Re: constraints in algebra instead of calculus

From: paul c <toledobythesea_at_oohay.ac>
Date: Sun, 17 Jun 2007 15:26:11 GMT
Message-ID: <nocdi.34285$1i1.7008_at_pd7urf3no>


Jon Heggland wrote:

> paul c wrote:
> 

>>I think you are suggesting:
>>
>>R{B} GROUP {B} as gB:
>>gB
>>{2,3}
>>
>>where the result has one row.
> 
> 
> Yes.

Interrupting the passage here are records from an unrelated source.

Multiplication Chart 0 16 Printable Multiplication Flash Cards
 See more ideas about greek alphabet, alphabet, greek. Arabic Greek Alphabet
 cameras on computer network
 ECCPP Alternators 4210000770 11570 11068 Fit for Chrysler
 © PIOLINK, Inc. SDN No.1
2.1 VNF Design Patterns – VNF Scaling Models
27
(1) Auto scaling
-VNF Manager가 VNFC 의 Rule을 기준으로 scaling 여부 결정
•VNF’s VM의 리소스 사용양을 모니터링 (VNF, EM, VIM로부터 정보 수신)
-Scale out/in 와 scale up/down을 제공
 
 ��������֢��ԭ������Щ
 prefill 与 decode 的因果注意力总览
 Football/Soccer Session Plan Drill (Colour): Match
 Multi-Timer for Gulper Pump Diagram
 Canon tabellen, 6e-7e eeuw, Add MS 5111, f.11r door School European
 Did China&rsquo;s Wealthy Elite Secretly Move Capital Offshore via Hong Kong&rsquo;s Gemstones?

In general, any R{X} GROUP {X} as gX will produce a relation with
> one tuple, containing a sole attribute gX with R{X} as its value.
> (Unless R{X} is empty, of course.)
> 
> 

>>It looks to me that the TTM def'n,
>>
>>"Let relation r have attributes A, B, ..., C, D, E, ..., F. Then the
>>Tutorial D <group>
>>r GROUP ( { D, E, ..., F } AS X )
>>is shorthand for the Tutorial D expression
>>( EXTEND r ADD ( r AS RR , RELATION { TUPLE { A A, B B, ..., C C } } AS
>>TX , RR COMPOSE TX AS X ) ) { A, B, ..., C, X }
>>(where RR and TX are attribute names not already appearing in r),
>>and can therefore be expressed in A."
>>
>>I read that as meaning that the COMPOSE joins the original relation with
>>each original tuple,
> 
> 
> No, it joins the original relation with (a singleton relation
> containing) a tuple consisting of the non-grouped attributes of each
> original tuple---note that the TUPLE expression only includes A, B, ...,
> C; not D, E, ..., F. In this case, the set of non-grouped attributes is
> empty; hence, the RELATION { ... } expression is TABLE_DEE.
> ...

Jon, thanks very much, that seems now to point out a basic blunder of mine in the previous posts. Apologies to all for the resulting mistakes. I'll have to go and re-visit whatever mysticism I had in mind, maybe I was thinking of an operator that should be called DUPE or GROPE, not TTM GROUP.